[Alain Passard’s Garden]
The photo set that illustrates this post may be viewed as a slideshow.
I have never dined at Alain Passard’s restaurant. The closest I ever got to it was my lunch at La Végétable, but that doesn’t really count — the proximity of the escalators and the neon lighting cancel out the stars.
It’s not that I don’t want to go, I do, but L’Arpège is one of those restaurants I’ve read so much about — Passard’s love of vegetables, his running a biodynamic garden to provide for the restaurant’s produce needs — that I fear I may be disappointed when I actually go*. So up until now, I have contented myself with the hope and possibility that, some day, I shall make it there.
But when a friend of mine hinted that she might be able to arrange a visit to said vegetable garden, it was all I could do not to pester her with daily emails and twice daily text messages, reminding her that I was absolutely, positively, and superlatively interested, and when when when could we go?

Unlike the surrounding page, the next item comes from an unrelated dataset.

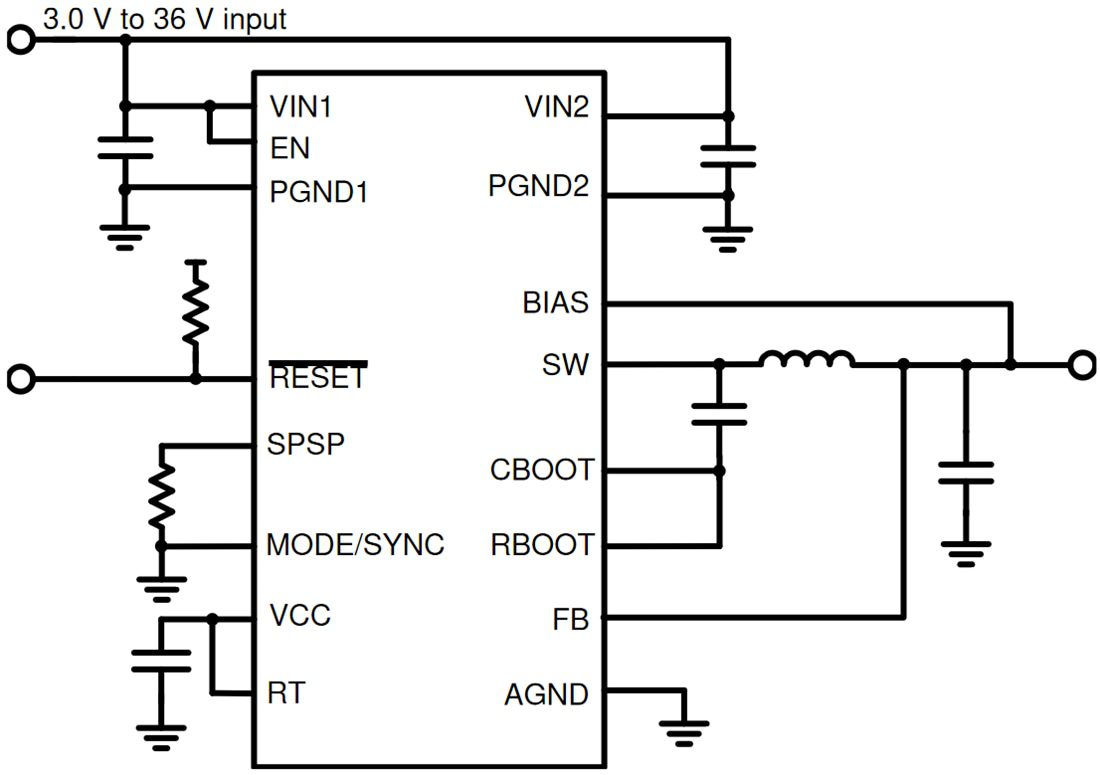 Schematic - Texas Instruments LM6x4xx/LM6x4xx-Q1 Buck Converters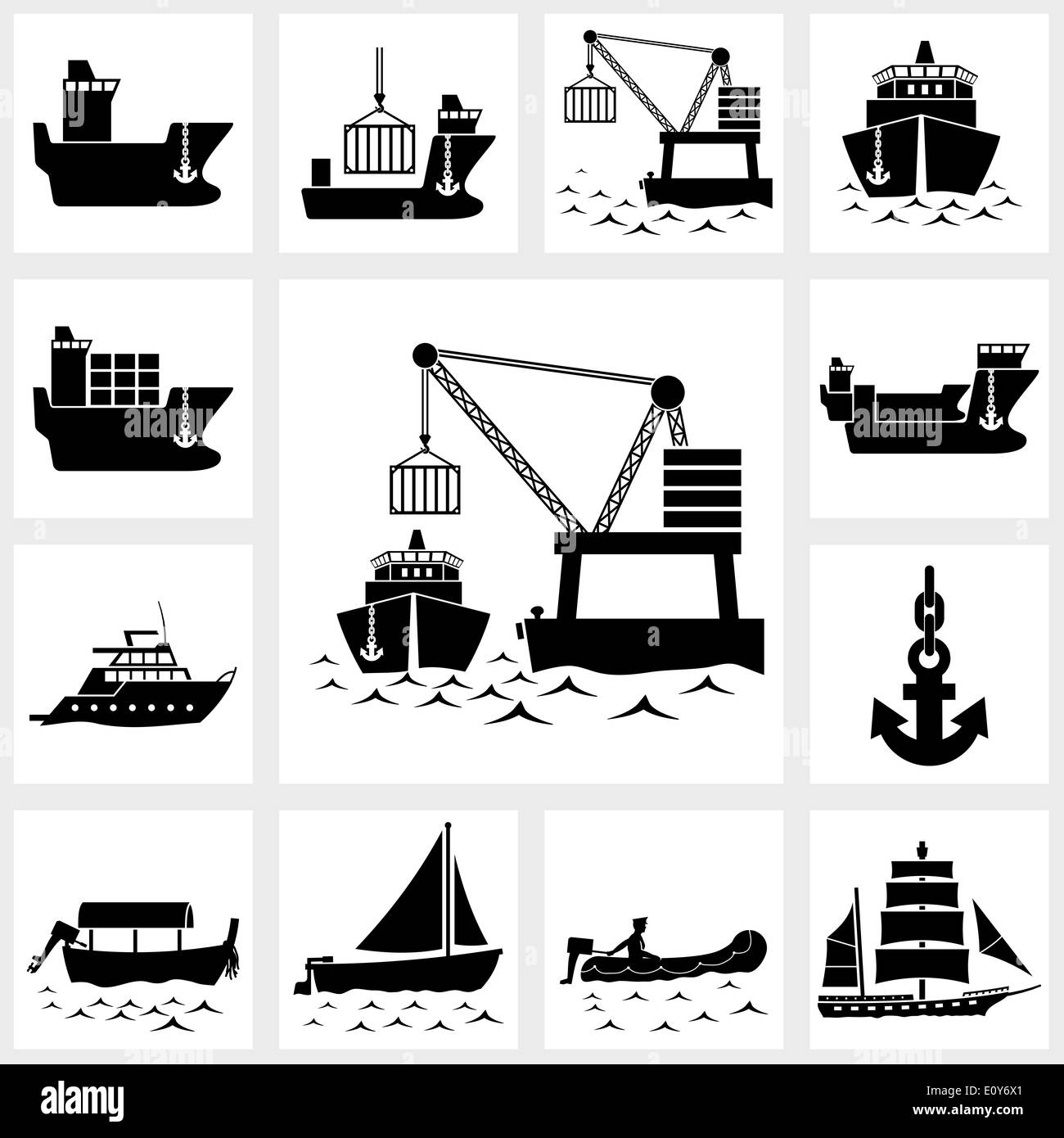 Vector icon set ship and boat Stock Photo - Alamy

The visit was scheduled for a weekday in mid-June — yes, I’ve been sitting on that story for a little while. Passard’s property is located in the Sarthe area, some 200 kilometers to the south-west of Paris, so my friend, her son, and I met with Julie Coppé — Alain Passard’s right-hand woman — at the Montparnasse train station, from which my dear TGV propelled us to Le Mans in under an hour; a taxi ride took care of the remaining kilometers.
Few things provide as concentrated a dose of happiness as a daytrip to the countryside. This is when the contrast between clamor and quiet, between exhaust fumes and morning mist, is the clearest. When every detail feels like a gift (a swing set! a donkey! fresh mud!), and when you know you had better fill your lungs and eyes and ears now, while you can, because it will all have vanished come nightfall (and don’t lose that slipper again please).